- [YOUR GOAL]: All lines in the data that hold the word "Мартин" need copying.

- [SOURCE MATERIAL]:
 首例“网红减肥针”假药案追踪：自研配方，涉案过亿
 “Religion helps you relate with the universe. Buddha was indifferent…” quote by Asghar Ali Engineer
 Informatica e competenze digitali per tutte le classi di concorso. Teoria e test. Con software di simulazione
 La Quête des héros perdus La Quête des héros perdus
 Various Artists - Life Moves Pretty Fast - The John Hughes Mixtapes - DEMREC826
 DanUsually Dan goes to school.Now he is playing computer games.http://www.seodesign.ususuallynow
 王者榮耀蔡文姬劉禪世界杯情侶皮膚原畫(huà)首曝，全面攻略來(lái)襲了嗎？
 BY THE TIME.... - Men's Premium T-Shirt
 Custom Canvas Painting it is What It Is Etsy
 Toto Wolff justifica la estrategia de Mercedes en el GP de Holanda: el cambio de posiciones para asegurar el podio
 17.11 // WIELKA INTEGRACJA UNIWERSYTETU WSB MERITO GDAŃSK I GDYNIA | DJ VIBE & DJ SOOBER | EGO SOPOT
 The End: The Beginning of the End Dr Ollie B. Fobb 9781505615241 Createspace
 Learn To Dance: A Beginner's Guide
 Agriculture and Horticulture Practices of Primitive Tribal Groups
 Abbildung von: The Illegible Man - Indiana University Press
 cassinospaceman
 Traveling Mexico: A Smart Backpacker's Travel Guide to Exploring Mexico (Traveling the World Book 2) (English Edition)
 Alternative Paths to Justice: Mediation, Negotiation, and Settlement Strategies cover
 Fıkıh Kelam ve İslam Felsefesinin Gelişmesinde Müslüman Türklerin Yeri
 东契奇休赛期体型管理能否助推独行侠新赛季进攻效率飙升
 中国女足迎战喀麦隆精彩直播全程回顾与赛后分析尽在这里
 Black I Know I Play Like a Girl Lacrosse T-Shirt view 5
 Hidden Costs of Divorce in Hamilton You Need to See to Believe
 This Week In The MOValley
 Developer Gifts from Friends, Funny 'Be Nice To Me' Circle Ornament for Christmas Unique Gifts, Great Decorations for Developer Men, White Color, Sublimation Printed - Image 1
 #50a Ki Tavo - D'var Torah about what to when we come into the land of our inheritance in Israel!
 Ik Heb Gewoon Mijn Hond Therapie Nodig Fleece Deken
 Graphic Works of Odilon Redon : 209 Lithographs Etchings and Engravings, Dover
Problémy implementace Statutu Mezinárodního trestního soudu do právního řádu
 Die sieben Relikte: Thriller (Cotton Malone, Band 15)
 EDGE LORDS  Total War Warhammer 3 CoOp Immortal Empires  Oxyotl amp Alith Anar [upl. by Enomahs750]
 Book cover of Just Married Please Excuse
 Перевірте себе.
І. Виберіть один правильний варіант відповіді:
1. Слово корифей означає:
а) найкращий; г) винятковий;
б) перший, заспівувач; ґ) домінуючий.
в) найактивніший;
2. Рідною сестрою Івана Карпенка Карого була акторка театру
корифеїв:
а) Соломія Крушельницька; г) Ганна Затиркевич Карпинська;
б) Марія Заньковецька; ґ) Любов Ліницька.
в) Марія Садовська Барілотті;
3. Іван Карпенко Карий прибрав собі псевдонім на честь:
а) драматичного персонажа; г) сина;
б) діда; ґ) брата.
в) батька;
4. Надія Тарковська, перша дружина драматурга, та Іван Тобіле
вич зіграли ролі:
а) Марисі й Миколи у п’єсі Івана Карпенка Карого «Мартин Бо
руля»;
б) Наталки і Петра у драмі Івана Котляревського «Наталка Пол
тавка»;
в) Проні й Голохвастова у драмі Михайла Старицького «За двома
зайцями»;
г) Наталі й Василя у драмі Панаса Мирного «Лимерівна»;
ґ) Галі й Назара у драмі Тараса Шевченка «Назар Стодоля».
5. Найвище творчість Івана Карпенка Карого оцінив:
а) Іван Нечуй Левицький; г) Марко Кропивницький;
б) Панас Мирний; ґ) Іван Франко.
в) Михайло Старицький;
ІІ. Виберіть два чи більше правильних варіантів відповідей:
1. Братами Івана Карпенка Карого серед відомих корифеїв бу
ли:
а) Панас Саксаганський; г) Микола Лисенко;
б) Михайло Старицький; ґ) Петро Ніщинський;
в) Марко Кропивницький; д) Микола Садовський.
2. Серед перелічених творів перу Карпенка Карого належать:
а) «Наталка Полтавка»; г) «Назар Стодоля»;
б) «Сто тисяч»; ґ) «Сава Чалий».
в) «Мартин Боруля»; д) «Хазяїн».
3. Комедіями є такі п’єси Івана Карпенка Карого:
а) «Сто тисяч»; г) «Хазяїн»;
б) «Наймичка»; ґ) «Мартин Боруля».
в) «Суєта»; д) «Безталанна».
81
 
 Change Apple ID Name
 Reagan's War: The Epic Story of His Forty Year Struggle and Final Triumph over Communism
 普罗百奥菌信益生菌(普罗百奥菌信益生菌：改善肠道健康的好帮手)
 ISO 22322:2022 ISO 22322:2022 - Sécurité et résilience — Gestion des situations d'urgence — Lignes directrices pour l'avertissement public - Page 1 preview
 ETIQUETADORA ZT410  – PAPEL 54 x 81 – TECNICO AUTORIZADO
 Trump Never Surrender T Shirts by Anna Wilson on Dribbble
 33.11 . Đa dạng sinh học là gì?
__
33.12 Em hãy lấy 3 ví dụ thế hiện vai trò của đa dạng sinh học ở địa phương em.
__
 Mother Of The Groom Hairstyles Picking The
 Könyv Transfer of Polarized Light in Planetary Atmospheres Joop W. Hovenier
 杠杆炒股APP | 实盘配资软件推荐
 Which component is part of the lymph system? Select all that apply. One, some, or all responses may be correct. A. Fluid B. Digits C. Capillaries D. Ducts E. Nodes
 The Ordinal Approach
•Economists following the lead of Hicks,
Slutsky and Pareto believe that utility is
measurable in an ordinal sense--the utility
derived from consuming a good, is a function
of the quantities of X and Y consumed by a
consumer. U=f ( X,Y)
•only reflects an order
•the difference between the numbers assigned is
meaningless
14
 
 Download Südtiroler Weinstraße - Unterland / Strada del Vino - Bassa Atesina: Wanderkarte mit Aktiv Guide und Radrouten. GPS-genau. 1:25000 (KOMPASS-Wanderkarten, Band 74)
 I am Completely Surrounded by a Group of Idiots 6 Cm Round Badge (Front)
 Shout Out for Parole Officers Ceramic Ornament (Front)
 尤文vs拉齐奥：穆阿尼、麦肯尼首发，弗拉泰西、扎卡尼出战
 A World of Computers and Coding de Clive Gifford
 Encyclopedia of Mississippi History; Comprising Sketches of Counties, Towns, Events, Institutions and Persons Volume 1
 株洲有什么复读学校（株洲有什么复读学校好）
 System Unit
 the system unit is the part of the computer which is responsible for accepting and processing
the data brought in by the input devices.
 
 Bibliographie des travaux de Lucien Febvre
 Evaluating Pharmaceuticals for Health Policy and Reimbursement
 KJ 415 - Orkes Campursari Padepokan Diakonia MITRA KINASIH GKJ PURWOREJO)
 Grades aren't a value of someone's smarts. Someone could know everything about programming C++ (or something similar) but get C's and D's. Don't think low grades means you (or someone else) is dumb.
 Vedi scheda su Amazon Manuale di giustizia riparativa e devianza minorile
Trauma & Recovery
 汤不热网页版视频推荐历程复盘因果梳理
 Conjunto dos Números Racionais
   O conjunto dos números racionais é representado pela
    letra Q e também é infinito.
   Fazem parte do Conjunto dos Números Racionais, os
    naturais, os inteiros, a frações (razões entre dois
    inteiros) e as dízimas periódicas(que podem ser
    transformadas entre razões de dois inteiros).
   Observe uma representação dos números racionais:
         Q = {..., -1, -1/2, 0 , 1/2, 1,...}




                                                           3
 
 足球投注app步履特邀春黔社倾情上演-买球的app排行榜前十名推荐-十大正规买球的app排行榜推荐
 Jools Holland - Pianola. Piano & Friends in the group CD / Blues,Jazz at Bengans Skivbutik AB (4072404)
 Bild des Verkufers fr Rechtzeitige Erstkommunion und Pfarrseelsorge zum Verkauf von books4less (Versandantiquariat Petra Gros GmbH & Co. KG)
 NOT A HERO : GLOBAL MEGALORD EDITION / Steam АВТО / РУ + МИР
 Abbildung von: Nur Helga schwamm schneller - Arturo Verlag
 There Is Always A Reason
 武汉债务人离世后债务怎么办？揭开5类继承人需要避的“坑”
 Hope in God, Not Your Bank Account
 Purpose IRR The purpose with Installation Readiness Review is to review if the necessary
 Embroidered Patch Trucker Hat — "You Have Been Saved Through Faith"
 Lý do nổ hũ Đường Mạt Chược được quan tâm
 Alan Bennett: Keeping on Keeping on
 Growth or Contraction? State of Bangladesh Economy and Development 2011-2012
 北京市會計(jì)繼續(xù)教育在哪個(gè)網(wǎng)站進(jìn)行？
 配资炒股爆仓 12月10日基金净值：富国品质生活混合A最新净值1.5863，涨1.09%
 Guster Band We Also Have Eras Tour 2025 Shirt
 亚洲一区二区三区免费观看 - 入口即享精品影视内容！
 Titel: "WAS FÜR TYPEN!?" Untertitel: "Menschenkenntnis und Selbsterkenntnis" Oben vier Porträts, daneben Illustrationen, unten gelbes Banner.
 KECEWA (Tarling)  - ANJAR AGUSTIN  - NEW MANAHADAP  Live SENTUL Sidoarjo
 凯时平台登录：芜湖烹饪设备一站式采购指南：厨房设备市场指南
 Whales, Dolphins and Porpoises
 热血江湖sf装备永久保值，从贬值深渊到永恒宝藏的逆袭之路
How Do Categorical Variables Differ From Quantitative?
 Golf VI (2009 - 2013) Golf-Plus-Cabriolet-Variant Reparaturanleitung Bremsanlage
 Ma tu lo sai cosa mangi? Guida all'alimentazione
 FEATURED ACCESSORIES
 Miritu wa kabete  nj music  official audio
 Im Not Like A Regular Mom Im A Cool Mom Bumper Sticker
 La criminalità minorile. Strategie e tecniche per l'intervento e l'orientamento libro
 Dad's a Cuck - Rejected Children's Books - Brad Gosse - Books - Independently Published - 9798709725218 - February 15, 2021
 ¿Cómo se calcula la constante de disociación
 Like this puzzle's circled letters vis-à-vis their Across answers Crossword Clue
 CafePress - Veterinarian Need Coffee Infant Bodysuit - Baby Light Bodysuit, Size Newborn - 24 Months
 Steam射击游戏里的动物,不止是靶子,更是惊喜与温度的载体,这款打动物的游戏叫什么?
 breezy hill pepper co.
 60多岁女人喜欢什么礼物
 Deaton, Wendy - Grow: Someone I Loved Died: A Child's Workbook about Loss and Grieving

- [PROBLEM SOLUTION]:
а) Марисі й Миколи у п’єсі Івана Карпенка Карого «Мартин Бо
в) «Мартин Боруля»; д) «Хазяїн».
б) «Наймичка»; ґ) «Мартин Боруля».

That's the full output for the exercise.